TO DO: Exactly the lines from the beginning of the records below through the line with "Band of young" must be given again, without pictures.

DATA TO PROCESS:
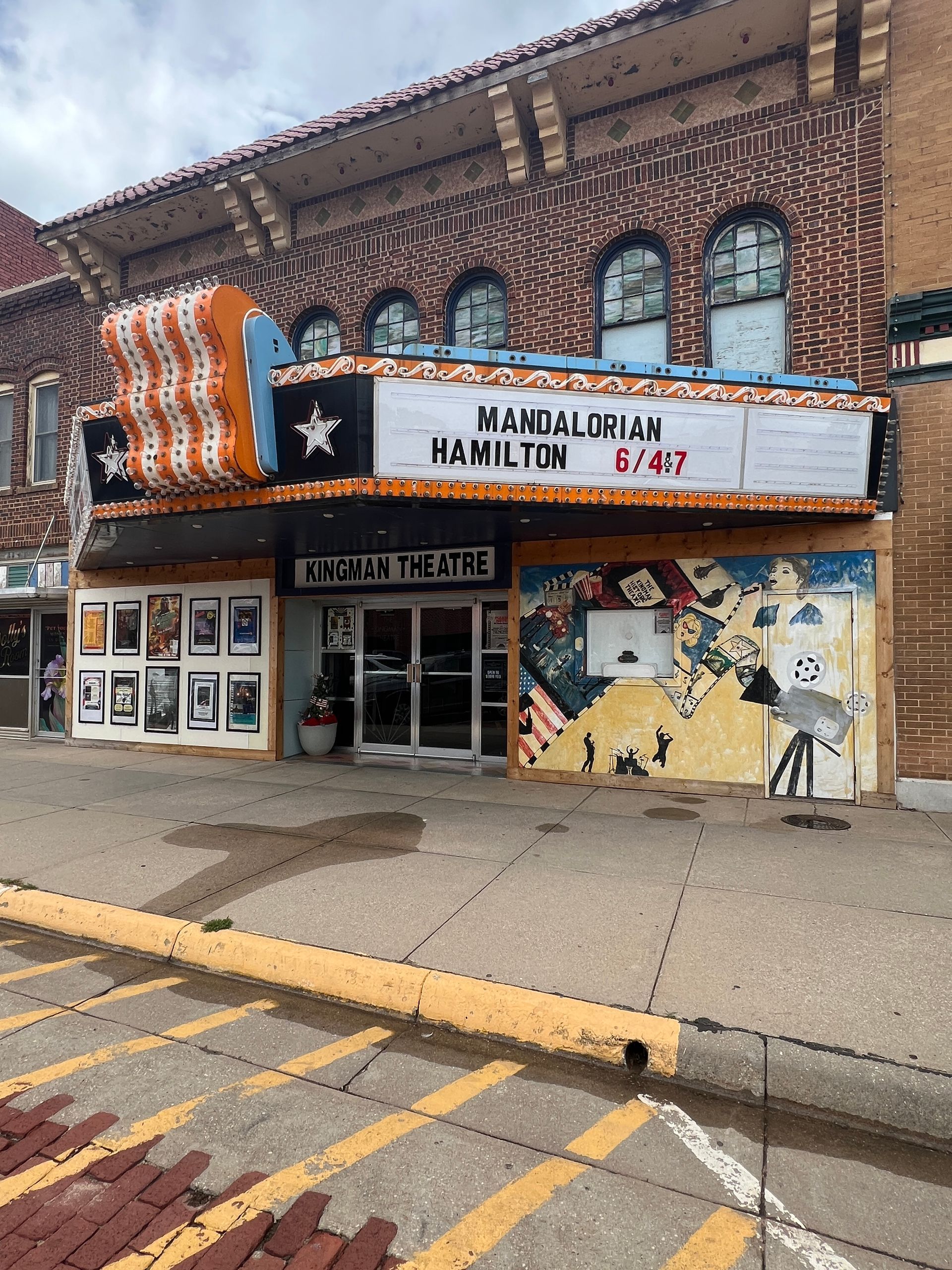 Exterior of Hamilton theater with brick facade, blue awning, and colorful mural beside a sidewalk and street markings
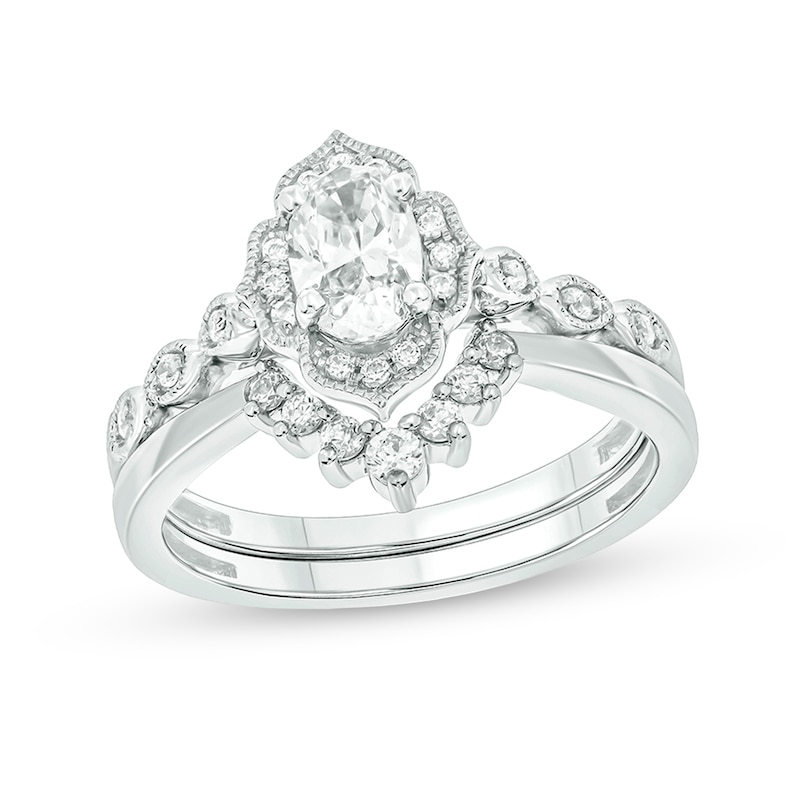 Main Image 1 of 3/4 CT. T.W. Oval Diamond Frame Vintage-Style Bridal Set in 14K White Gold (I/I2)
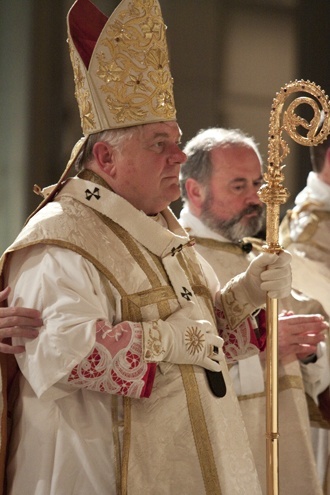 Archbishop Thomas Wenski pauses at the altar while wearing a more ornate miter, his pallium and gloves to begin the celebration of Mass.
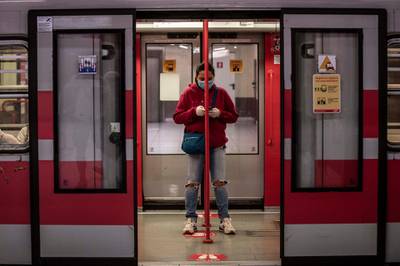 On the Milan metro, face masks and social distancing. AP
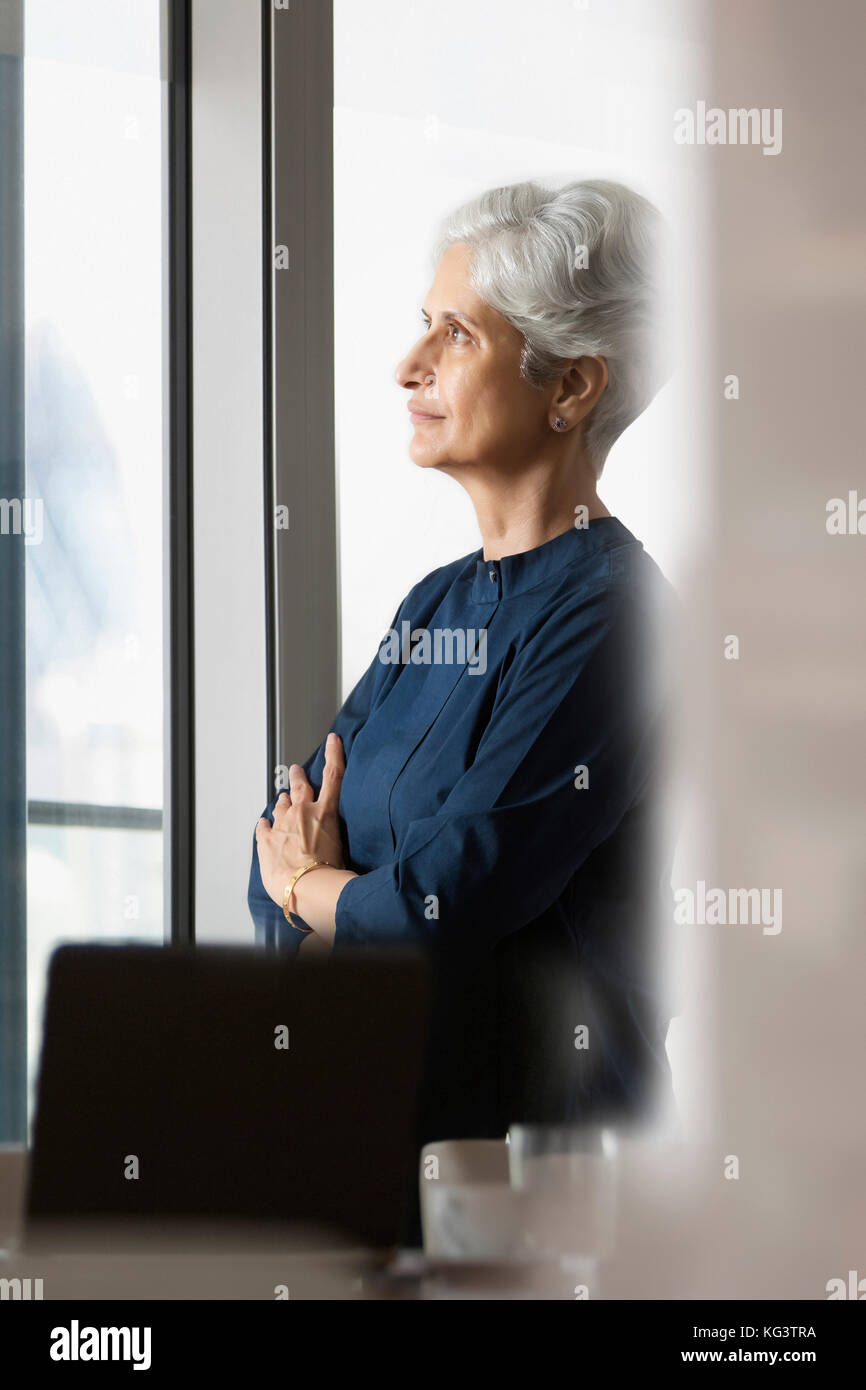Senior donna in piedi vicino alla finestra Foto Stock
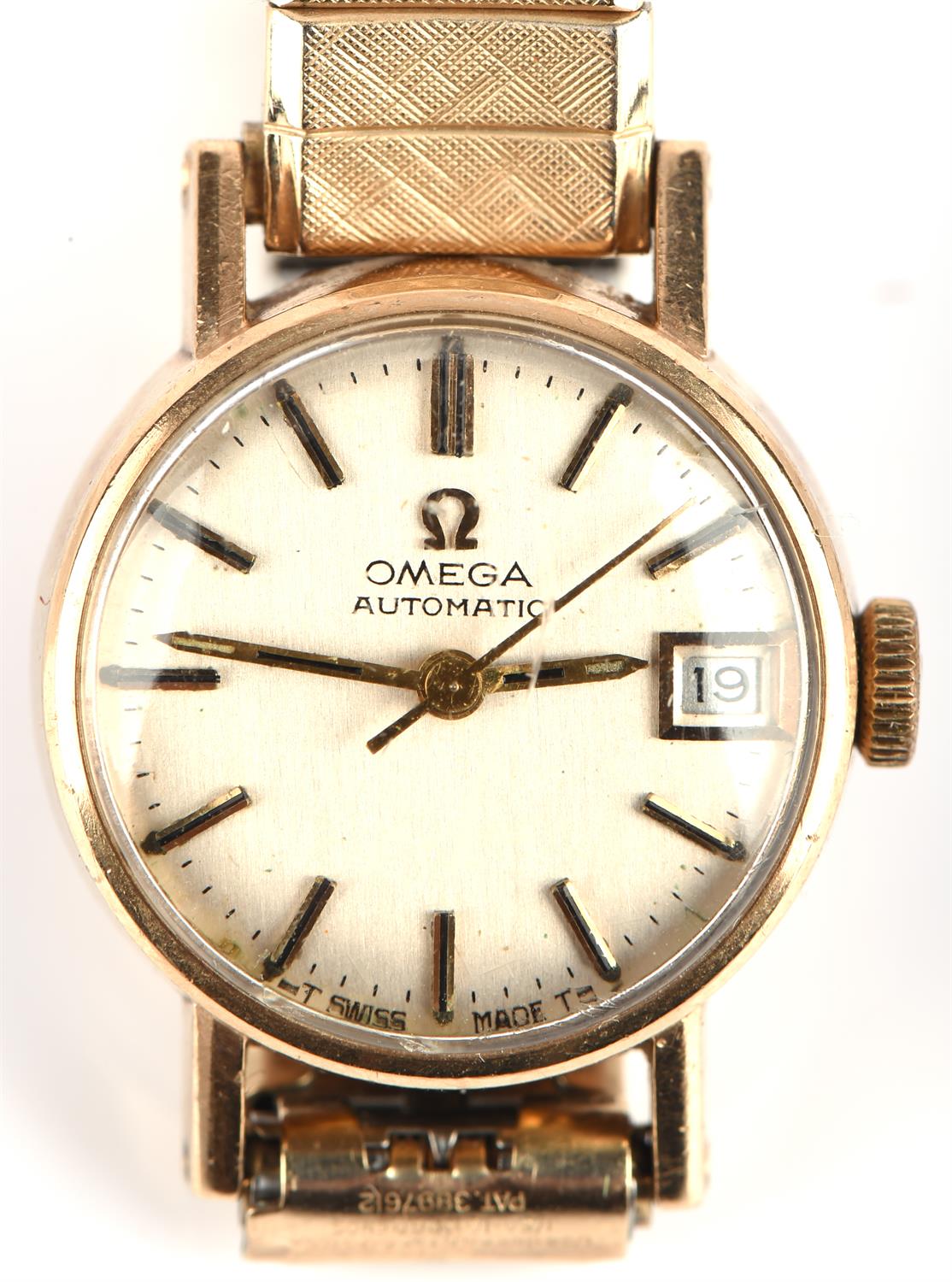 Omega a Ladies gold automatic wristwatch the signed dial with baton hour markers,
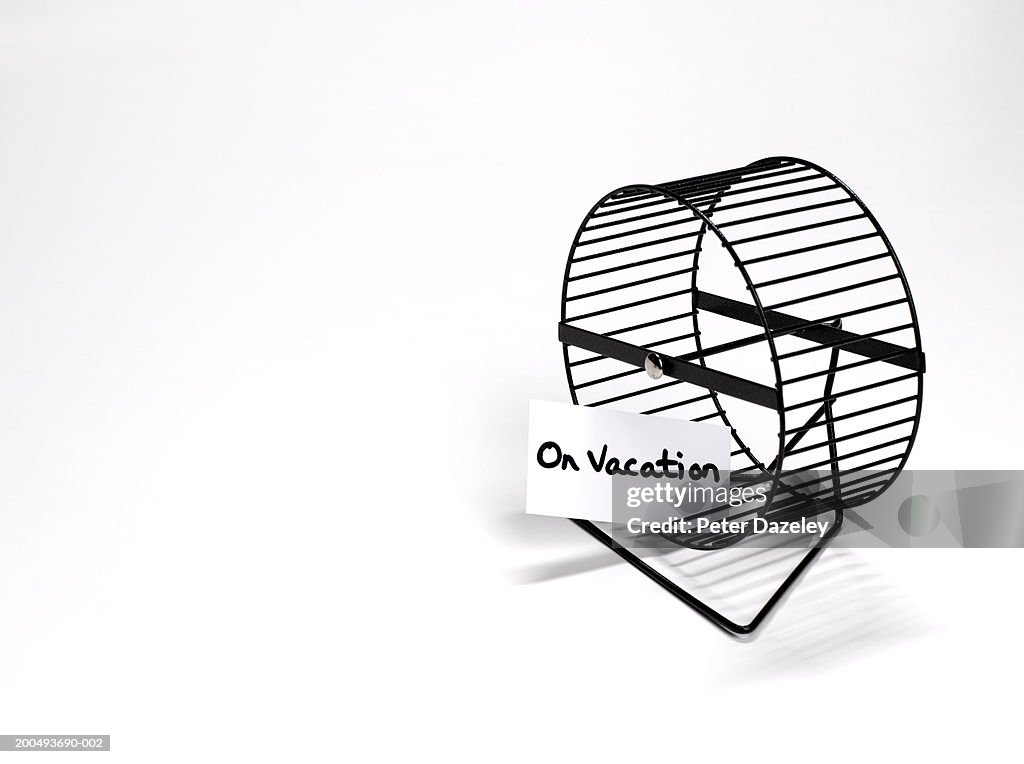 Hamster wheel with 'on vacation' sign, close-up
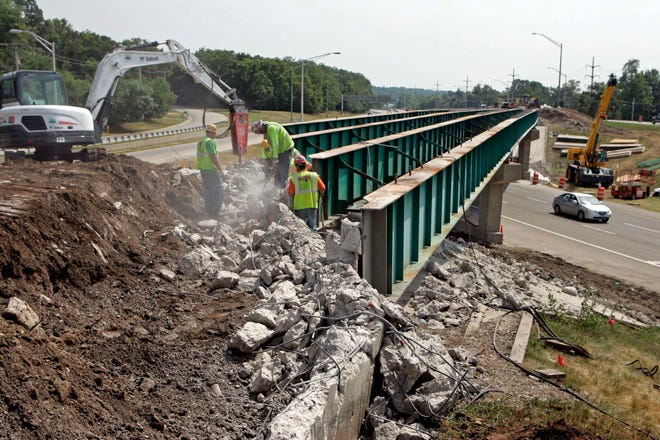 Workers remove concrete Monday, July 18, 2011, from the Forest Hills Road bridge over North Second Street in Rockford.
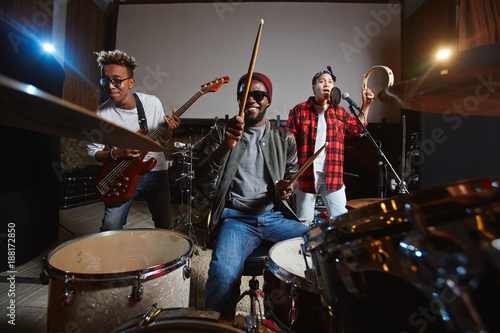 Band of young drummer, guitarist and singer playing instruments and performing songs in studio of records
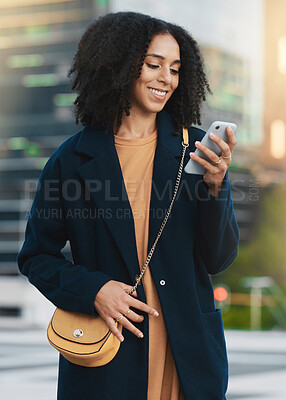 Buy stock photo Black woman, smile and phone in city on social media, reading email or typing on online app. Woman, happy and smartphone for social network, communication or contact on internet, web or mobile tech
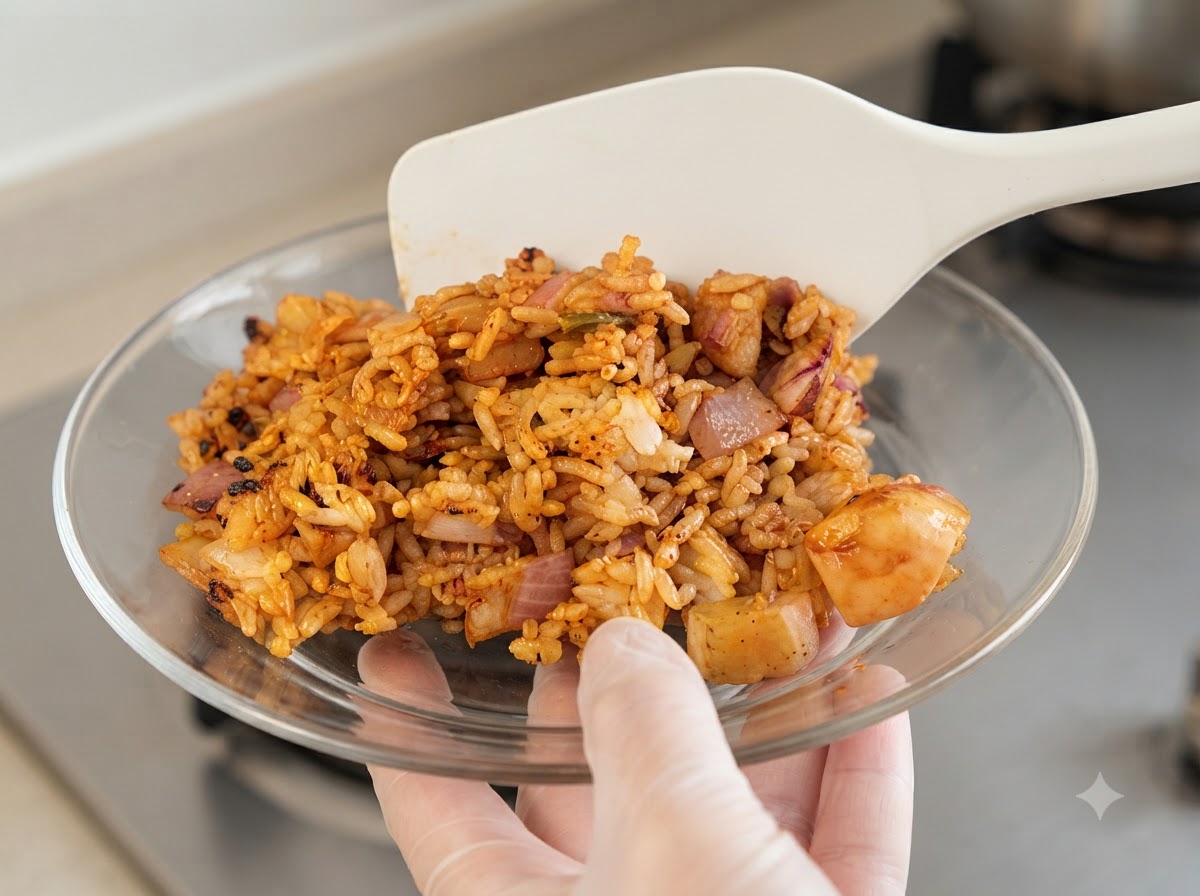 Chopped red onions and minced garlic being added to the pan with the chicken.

RESPONSE TO THE TASK:
 Exterior of Hamilton theater with brick facade, blue awning, and colorful mural beside a sidewalk and street markings
 Main Image 1 of 3/4 CT. T.W. Oval Diamond Frame Vintage-Style Bridal Set in 14K White Gold (I/I2)
 Archbishop Thomas Wenski pauses at the altar while wearing a more ornate miter, his pallium and gloves to begin the celebration of Mass.
 On the Milan metro, face masks and social distancing. AP
Senior donna in piedi vicino alla finestra Foto Stock
 Omega a Ladies gold automatic wristwatch the signed dial with baton hour markers,
 Hamster wheel with 'on vacation' sign, close-up
 Workers remove concrete Monday, July 18, 2011, from the Forest Hills Road bridge over North Second Street in Rockford.
 Band of young drummer, guitarist and singer playing instruments and performing songs in studio of records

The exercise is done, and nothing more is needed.